The Director of Environment and Neighbourhood Services submitted a report that updated the Committee on the progress with the Local Plan examination, which had included public hearings that had closed on 5 October 2018. 

The report explained that the Council was replacing its existing development plans (the Core Strategy, Reading Central Area Action Plan and Sites and Detailed Policies Document) with a new single Local Plan to set out how Reading would develop up to 2036.  Three consultations had been undertaken on the Local Plan between 2016 and 2018.  The Local Plan had been submitted to the Secretary of State on 29 March 2018, which marked the beginning of a public examination held by an independent Planning Inspector.

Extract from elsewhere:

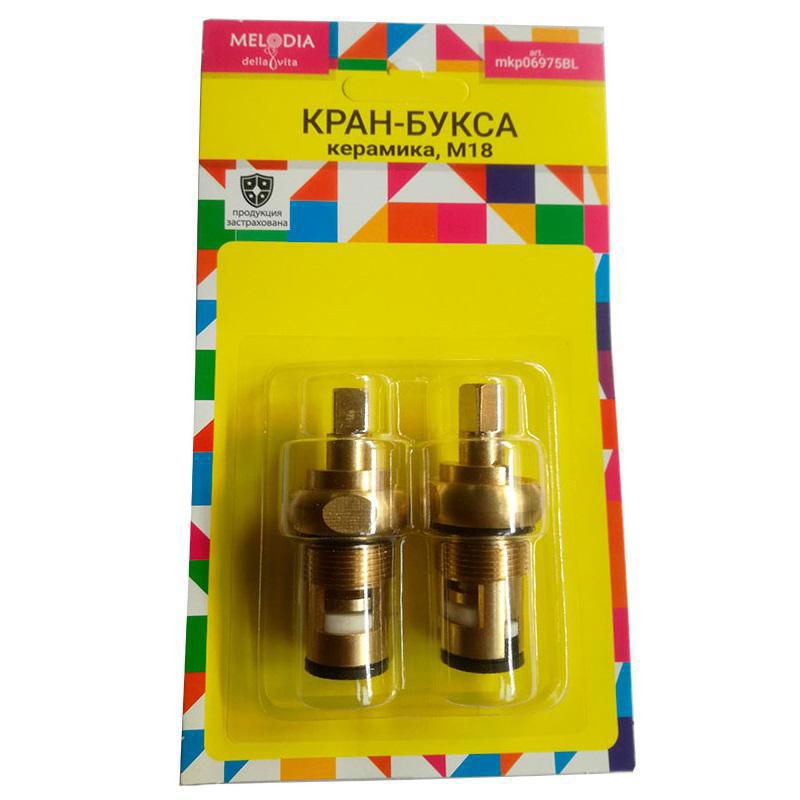 Изображение товара Кран-букса керамическая Melodia della vita МКР06975BL М18 квадрат 2 шт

The report explained that the Inspector had requested, and received, additional information from the Council and other participants, and was in the process of considering if modifications would be needed to make sure that the plan was ‘sound’ and legally compliant.  Once this was known, consultation on these modifications would be required before a final inspector’s report could be issued.

Resolved -      That the progress on the public examination into the Reading Borough Local Plan be noted.

 

24.

Air Quality Update pdf icon PDF 86 KB

A report updating the Committee on air quality matters following the Council’s submission of a ‘targeted feasibility study’ to Government and the current position regarding a range of Air Quality initiatives.

Minutes:

The Director of Environment and Neighbourhood Services submitted a report that updated the Committee on air quality matters following the Council’s submission of the Targeted Feasibility Study to the Government.  The report also provided an update on vehicle idling, electric vehicle charge points in residential streets with no off street parking and Electrify Reading.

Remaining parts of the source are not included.